Les and I linked up back stage at High Sierra on Sunday evening as Michael Franti & Spearhead were gearing up to shut down the festivities on the Main Stage. Les had just rolled out of his tour bus after catching a quick nap before his Late Night gig that would in fact help wrap up High Sierra 2003. I sipped coffee and listened while Les spoke candidly, letting all of us into the interesting world of Les Claypool.

Kayceman: Well I think since we are sitting here at the High Sierra Music Festival, it would be appropriate to start off by asking you if you have a preference between the smaller festivals such as this or a larger one like Bonnaroo?

By Adam Gulledge
Les: No. I just think it depends on the festival. Some are better organized than others. This is my first year at High Sierra; I've had a good time all weekend. I've only been here a couple of days, but it was great. And I was equally impressed with the first Bonnaroo. I didn't go this year but they are both very well organized events. A lot of variety of things for people to experience. To an extent, well not to an extent, this IS my job. And it makes it that much more pleasant when it's actually a fun thing. Everybody likes to enjoy themselves, including us.

Kayceman: I would hope so.

Les: It just makes it that much more fun. Makes me wanna do it more often.

Kayceman: Well that's good to hear. With so many time slots at these festivals do you have a specific time of day that you particularly enjoy playing?

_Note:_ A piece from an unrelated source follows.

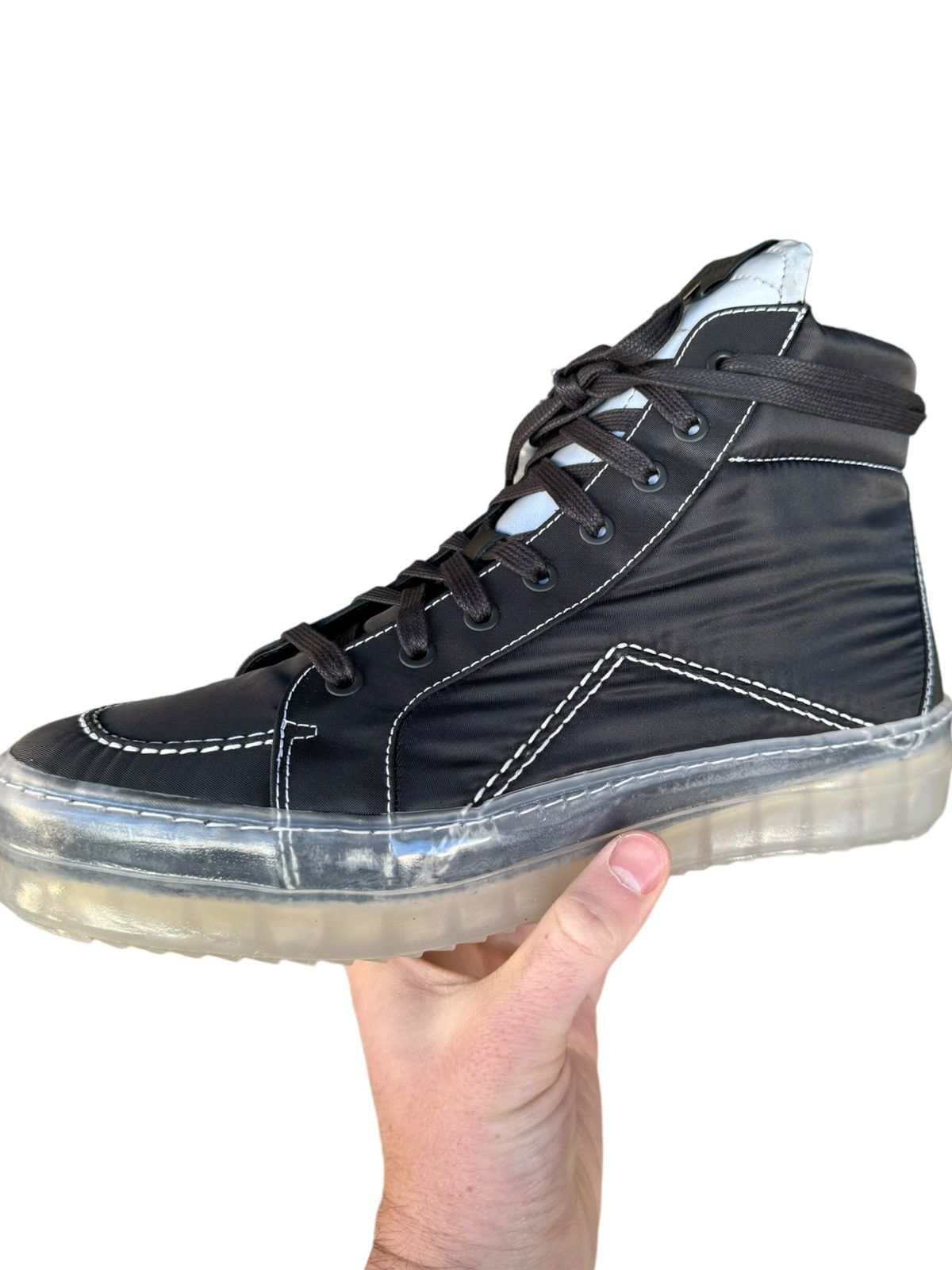 Rhude V1 Black Hi Translucent Sole Size US 9 / EU 42 - 4 Thumbnail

Les: I like playing in the dark.

It seems as if your music translates a little better in the dark.

By Jaci Downs
I think it does, at least for me. The type of stuff we do, the more textural stuff, I think it (the dark) lends itself to more theatrics, which I like.


Personal taste.

And the people who go see you, that's what they enjoy as well. Now, you've obviously played with such a wide array of people, really no need to list them, but is there anybody else that you particularly have in mind that you would really like to get together and collaborate with?

I'm sure that there is... Well you know I've gotten to befriend a lot of my heroes like Tom Waits, Adrian Belew and all these different people. But I would have loved to have been able to do something with Gabriel, Roger Waters, David Gilmore, and I'm a big fan of Sigur Ros I'd love to do something with them.

Actually I saw you at that show in Oakland.

Oh yeah?

Ya, and I wanted to ask you what you thought about that?

Sigur Ros By A. O'neill
I thought it was one of the best musical experiences I've had in the past five years, if not more.

Likewise. I was blown away. I had heard it was something to see, but it was beyond my expectations.

I really enjoyed that. It's inspiring to me. It makes me want to stretch out in different directions.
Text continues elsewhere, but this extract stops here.